Management rejected these demands and the strike became increasingly militant. Union leaders had tried to persuade workers to end the strike but failed. The determination of the workers to win their demands began to attract the support of workers from other estates and forced union officials to call two additional strikes, involving another 60,000 workers. It was at this point that management, with the help of the police, staged a provocation in order to crush the workers' struggle.

On the night of October 25 the workers' 'line rooms' (workers quarters built by British planters during their colonial rule) were stoned by an unknown group. The workers immediately gathered to protect themselves and captured one Sinhala person, known as the manager's 'bodyguard,' from among the group of provocateurs. They handed him over to police. But the police, after talking with the culprit, let him free. Soon afterwards the workers identified the same person with another notorious thug in the company of the police.

It was not too long after this that workers heard a big explosion from the direction of the manager's residence, and saw a fire breaking out in the building. When the estate trade union leader went to police on duty to inquire what was taking place the police shot him in the legs. The following day police arrested the 27 workers.

Workers reject the false charges

The workers vehemently rejected the charge that they set fire to the manager's house. They told the World Socialist Web Site that the fire was deliberately set as part of the manager's plan to round up striking workers. They told the WSWS that the manager moved truckloads of furniture from his residence to the estate's storehouse before the fire broke out. Workers told the WSWS, 'The arrest of the journalists of the Tamil daily the day before was a part of the deliberate attempt to cover up the real culprits.'

The day after the fire the deputy inspector general visited the estate and told workers that no action would be taken against them and that they should remain calm. Behind the scenes, however, management and the police prepared a list of workers to be arrested. The police then went to the workers' line rooms with the local trade union leader to identify the workers on the list. All were then arrested, including the trade union leader.

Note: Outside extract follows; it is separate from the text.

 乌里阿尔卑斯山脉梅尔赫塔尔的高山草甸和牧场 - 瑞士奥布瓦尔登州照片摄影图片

The workers were taken to the Badulla police station at 6 p.m. They were beaten mercilessly before police took their statements and held until 3 a.m. the next morning. The workers were then remanded for two weeks.

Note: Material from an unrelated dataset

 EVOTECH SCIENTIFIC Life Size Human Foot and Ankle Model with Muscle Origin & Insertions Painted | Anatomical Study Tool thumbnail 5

Supporters of the Sri Lankan Socialist Equality Party took pictures of the wounded trade union official in the Badulla hospital. He was chained to the bed and police were guarding the ward. The union official, his legs bandaged, was later transferred to a prison. The rank-and-file workers continued to be brutalized in prison. Only their relatives were permitted to see them.

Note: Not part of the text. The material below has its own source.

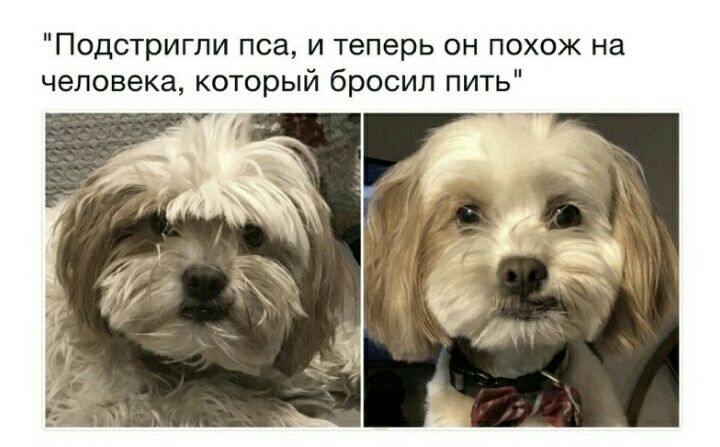 Подстригли пса и теперь он похож на человека который бросил пить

The majority of workers belong to the Ceylon Workers Congress-- part of People's Alliance government--and its principal leader, S. Thondaman, is a cabinet minister. While abandoning the victimized workers, the CWC leaders were engaged in discussions with management and agreed to persuade the workers to return to work on November 4. They also agreed to receive the festival advance in December, three months after the traditional Hindu festival of Deepavali. The union leaders were conspicuously silent on the framed-up and imprisoned workers.

The plantation owners rewarded the estate manager for his repressive methods by promoting him to the post of senior manager in charge of four company estates.

Plantation workers are among the poorest paid in Sri Lanka. Their average pay per day is around 100 rupees (US$1.50). Their living quarters are comprised of a small verandah, a small room and a kitchen, barely suitable for living. Usually more than one family lives in these line rooms.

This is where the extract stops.